Eh, kalau musim ini ada. Maksudnya, setelah saya minta izin ke Pelatih tidak bisa ikut latihan penuh, saya pikir Pelatih tidak mau saya. “Tidak, saya tidak mau kamu.” Saya pikir dia mau pemain yang intens latihan. Ternyata ekspektasi saya beda. Pelatih tiba-tiba ingin saya ada di tim.

Waduh, saya bingung. Saya jelaskan kondisinya seperti apa, tapi Pelatih ingin saya tetap di tim. Dia tidak butuh saya main banyak. Saya juga tidak mau main banyak. Mengobrol sambil bercanda, hahaha.

Intinya, jadi saya sekarang di sini membantu tim dan membantu pemain yang muda-muda untuk siap beberapa tahun ke depan. Untuk beberapa tahun ke depan, kan, pastinya mereka ini yang menggantikan saya.

Harapannya Pelatih seperti apa?

Saya langsung tanya, “Apa yang kamu mau dari saya?” Dia jawab, “Saya ingin ada orang yang membuat pemain lain mendengarkan.”

Dia melihat saya waktu di Solo, waktu turnamen, pemain-pemain lain itu mendengarkan kalau saya bicara. Saya bisa beri masukan. Kasih tahu harus bagaimana.

Semacam sosok pemimpin?

Iya, dia butuh sosok itu. Hitungannya seperti leader. Bukan hanya di lapangan, tapi juga di bench dan off court.

Latihannya jadi tidak intens sekarang?

Tidak, sih. Saya latihan sehari sekali. Kalau ada latihan pagi, saya tidak bisa ikut. Karena saya ada kerjaan lain.

Ada komentar soal perubahan yang dibawa Pelatih Giedrius Zibenas ke tim ini?

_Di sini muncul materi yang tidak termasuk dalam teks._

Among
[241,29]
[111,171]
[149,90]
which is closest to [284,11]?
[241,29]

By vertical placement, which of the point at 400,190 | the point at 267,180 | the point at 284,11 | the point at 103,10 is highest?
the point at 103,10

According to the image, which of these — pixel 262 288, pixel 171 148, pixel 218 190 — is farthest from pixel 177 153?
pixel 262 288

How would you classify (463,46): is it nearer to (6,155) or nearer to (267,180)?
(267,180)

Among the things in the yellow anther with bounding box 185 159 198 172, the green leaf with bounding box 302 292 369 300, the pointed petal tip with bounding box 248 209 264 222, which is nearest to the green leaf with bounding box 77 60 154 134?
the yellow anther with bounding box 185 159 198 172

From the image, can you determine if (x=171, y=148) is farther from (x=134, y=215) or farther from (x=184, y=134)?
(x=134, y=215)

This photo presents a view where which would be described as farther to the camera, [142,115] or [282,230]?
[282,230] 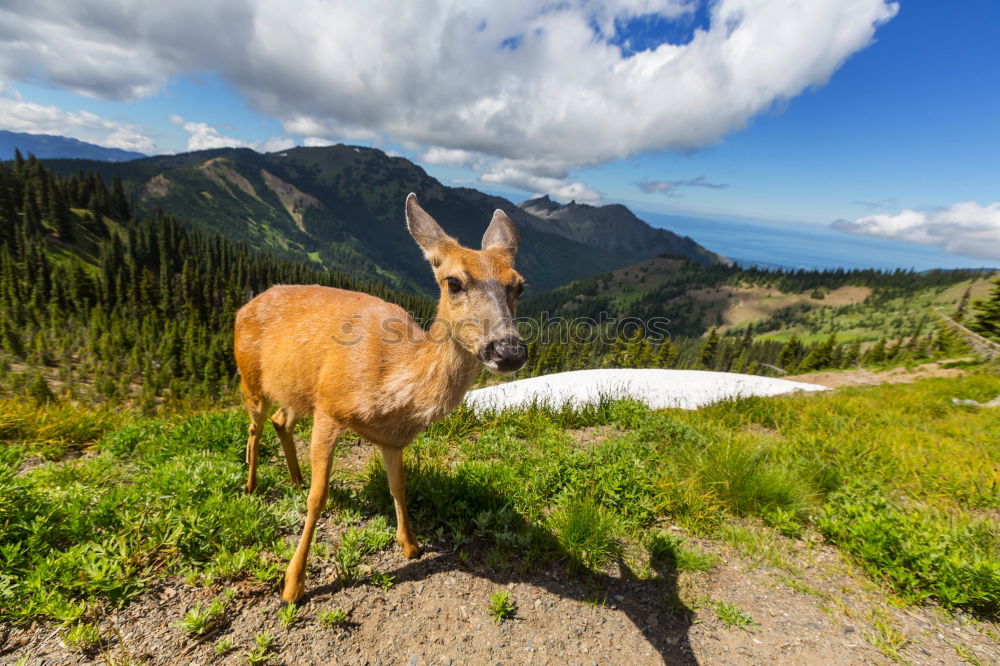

Pasti. Perubahan-perubahannya itu banyak banget. Mulai dari disiplin; dari cara bermain kami; teamwork kami. Saya akui dia memang punya detail yang top banget. Kami banyak dapat ilmu baru. Banyak banget. Saya mendapatkan ilmu yang benar-benar baru saya dapat selama karier saya di basket.

Seandainya ini jadi musim terakhir, apa yang Mas harapkan?

Yang pasti saya ingin juara. Kami punya kesempatan. Jangan sampai terulang lagi seperti musim-musim lalu. Sayang, kan, sudah sampai sini.

Saya juga sering memberi tahu anak-anak muda ini, “Sayang kalau kesempatan ini dilewati. Ini waktunya kita step up. Kalau kamu sudah bisa dapatkan itu, kamu tinggal maintain.” Jangan cepat puas intinya.

Stapac sedang dalam tren bagus. Bisa menang terus sejak musim reguler. Hanya kalah sekali. Apa pendapatnya soal itu?

Itu tidak bisa jadi acuan untuk jadi juara. Pelatih selalu bilang, “We have to focus on the next game.” Itu intinya. Kami selalu menganggap next game itu final. Next game itu final. Kami tidak boleh menganggap remeh siapa pun. Fokus saja.